Why do we celebrate wetlands?
We celebrate wetlands because they are important. They improve water quality and provide wildlife habitat. Wetlands are often known as “nature’s kidneys” because of their ability to remove excess nutrients, toxic substances, and sediment from water that flows through them. They improve downstream water quality and the overall health of waters in our communities. Wetlands also provide habitat for many species of amphibians, reptiles, birds and mammals that are uniquely adapted to aquatic environments. They also provide food and shelter for upland wildlife such as deer, elk and bears. Wetlands are particularly vital to many migratory bird species. Some of well known birds include wood ducks and sandhill cranes.

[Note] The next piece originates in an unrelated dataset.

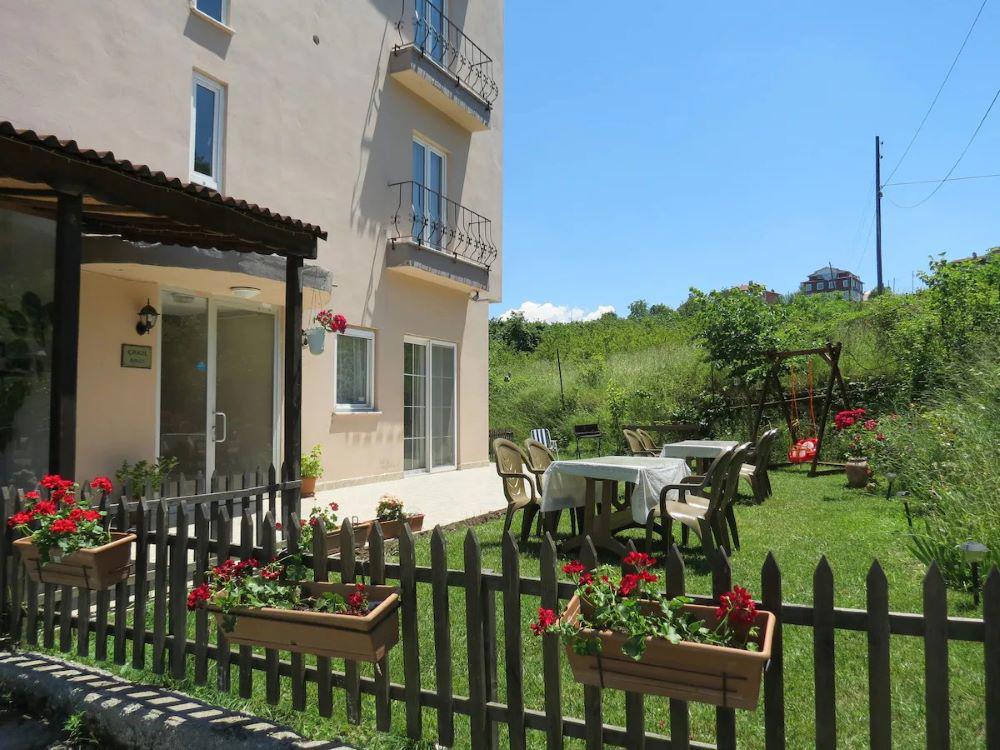 Çakıl Apart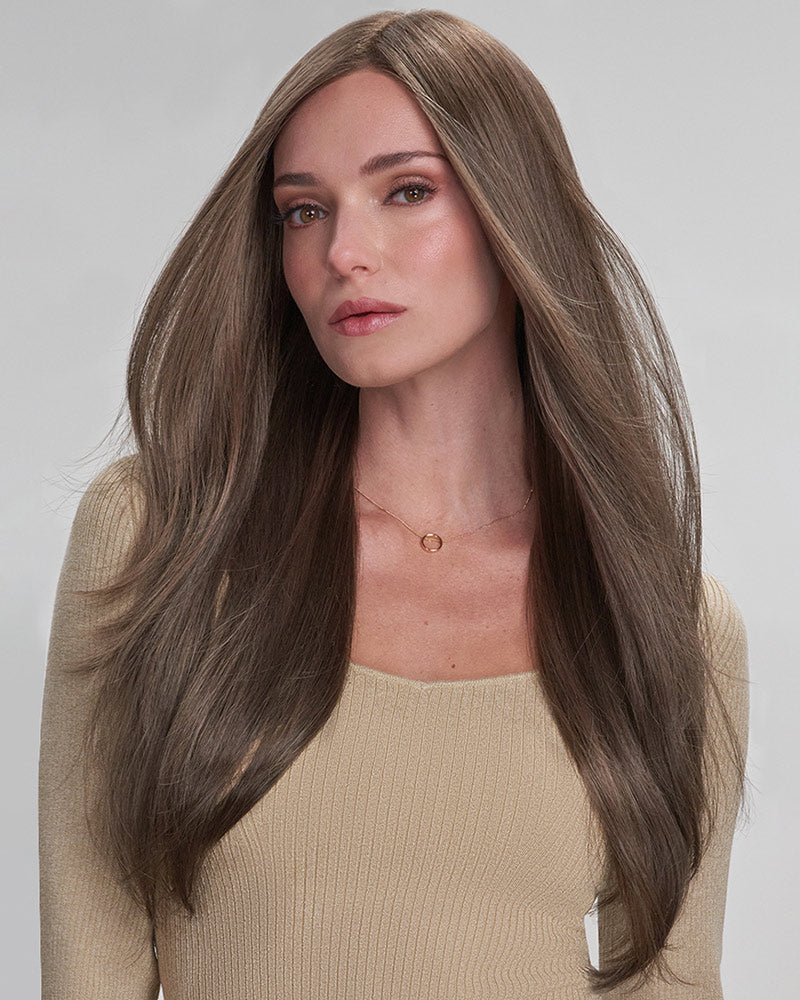 Avery (Exclusive) | Lace Front & Monofilament Synthetic Wig by Jon Renau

Wetlands as A Tool for Water Treatment
In the U.S., the application of natural wetlands to improve water quality was first piloted in Florida and Michigan. In order to protect natural wetlands, current regulations only allow natural wetlands to receive wastewater that has already received “extensive treatment” by wastewater treatment facilities. By extensive treatment, we mean at least secondary or tertiary treatment. Therefore, constructed wetlands are a more common practice nowadays as a a tool for wastewater treatment. They are designed to mimic the natural biological, chemical, and physical processes of a natural wetland. Some constructed wetlands can achieve secondary and tertiary treatment. To learn more about wetlands as a tool for water treatment, please read this article.
Explore Wetlands Near You
Wetlands are found throughout the State of Florida. Florida has one of the most famous wetlands in the world – Everglades. Everglades is a subtropical wetland ecosystem spanning two million acres across central and south Florida. While we picture wetlands, however, we often think of freshwater wetlands. There are also saltwater wetlands. Florida’s coastal areas are stabilized by wetlands, which serve as barriers and buffers against wind and waves. In these wetlands you’ll find mangroves, buttonwoods, seagrasses and other salt-tolerant trees and plants. Visit Wetland Mapper to find a wetland near you while we celebrate the American Wetland Month.